◆ REQUIRED ACTION
From the records below, print exactly the lines starting at the one containing "ba&sh Elegant Black Strappy Heels" and ending at the one containing "Antik Batik 100%", ends included, and nothing else.

◆ AVAILABLE DATA

===============

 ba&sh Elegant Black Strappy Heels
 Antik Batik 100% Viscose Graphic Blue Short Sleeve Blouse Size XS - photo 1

===============

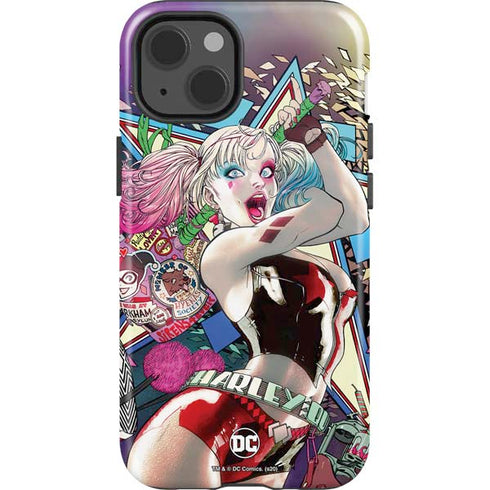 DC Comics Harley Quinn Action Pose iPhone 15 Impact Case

===============

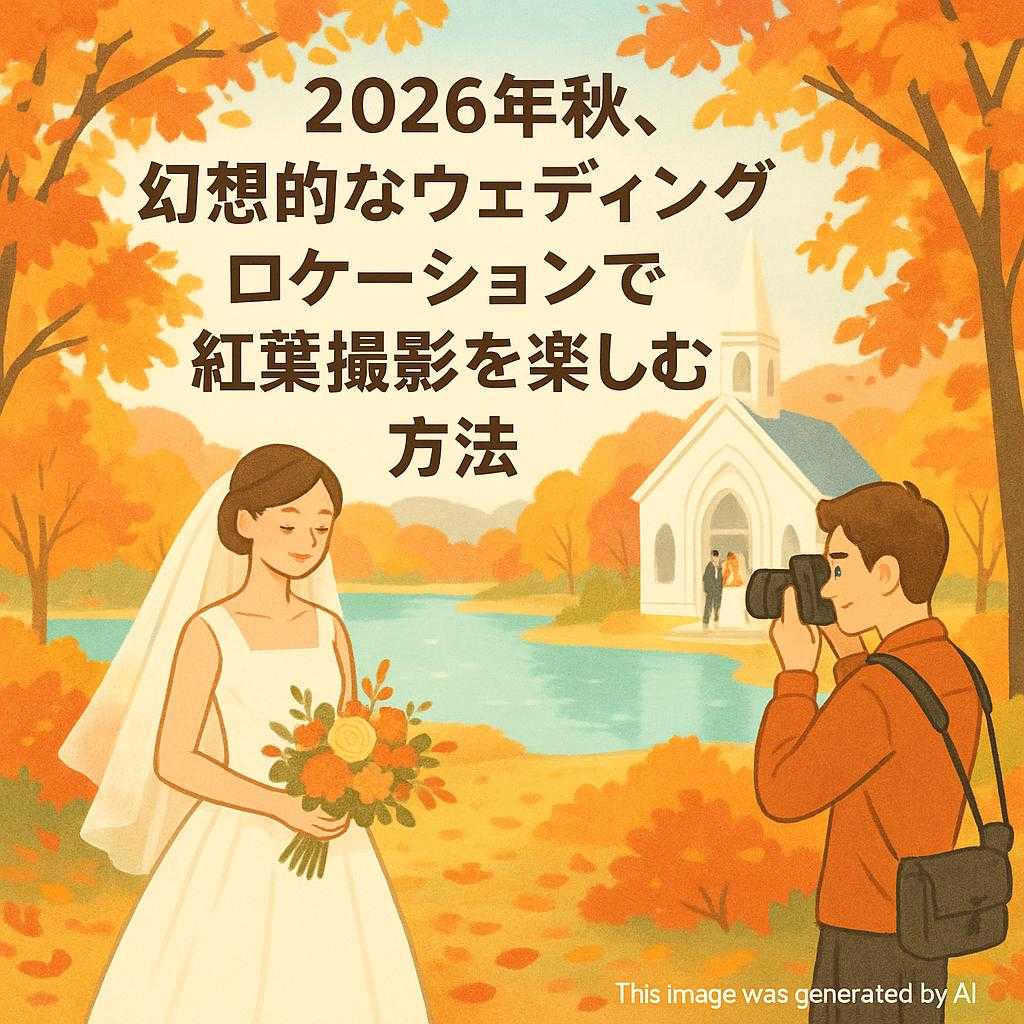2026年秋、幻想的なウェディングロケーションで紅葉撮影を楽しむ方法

===============

◆ SOLUTION TO THE EXERCISE
 ba&sh Elegant Black Strappy Heels
 Antik Batik 100% Viscose Graphic Blue Short Sleeve Blouse Size XS - photo 1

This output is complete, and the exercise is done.